COLLECTED DATA
---
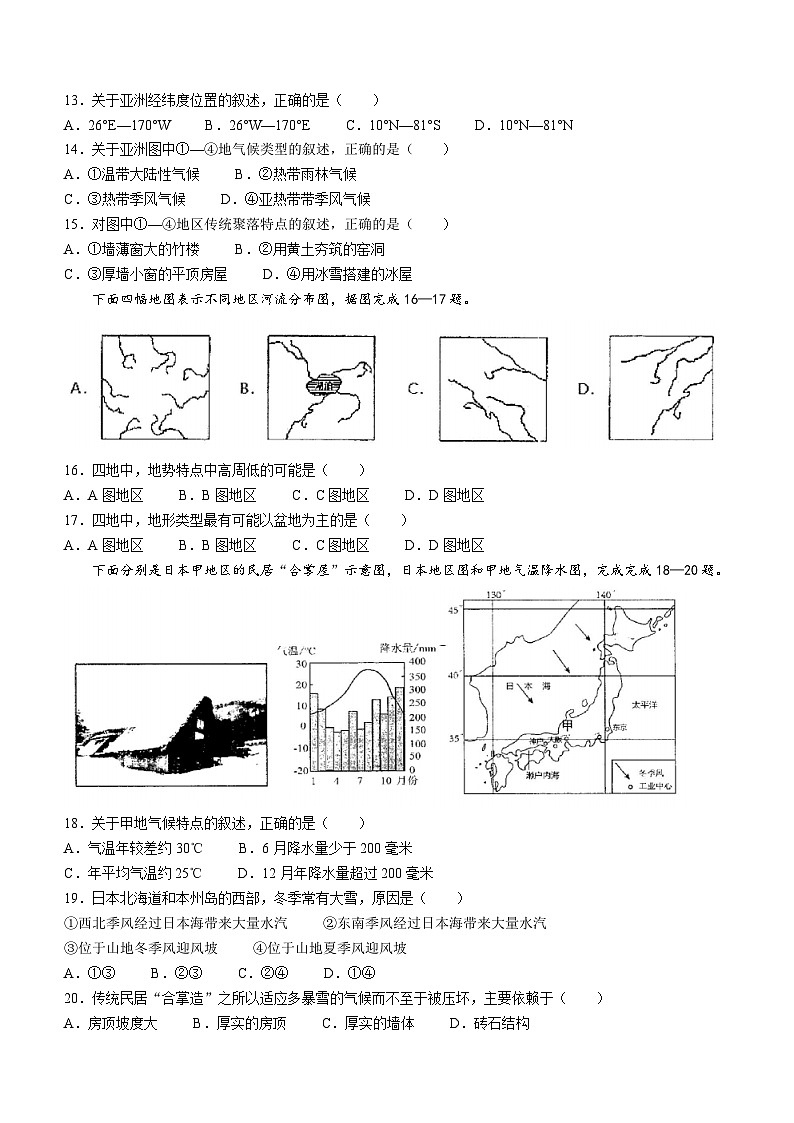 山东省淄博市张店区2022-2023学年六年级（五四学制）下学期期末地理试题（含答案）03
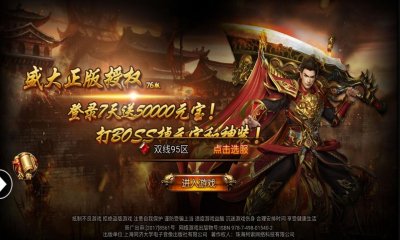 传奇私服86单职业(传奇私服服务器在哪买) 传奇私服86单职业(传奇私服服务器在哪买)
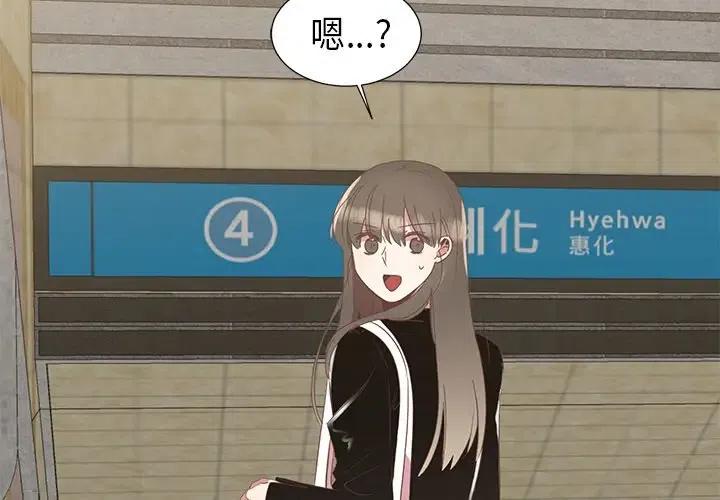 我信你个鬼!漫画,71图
---
WHAT THE TASK ASKS
None of the pictures belong in the copy; transcribe the rest of the data exactly.

RESPONSE TO THE EXERCISE
 山东省淄博市张店区2022-2023学年六年级（五四学制）下学期期末地理试题（含答案）03
 传奇私服86单职业(传奇私服服务器在哪买) 传奇私服86单职业(传奇私服服务器在哪买)
 我信你个鬼!漫画,71图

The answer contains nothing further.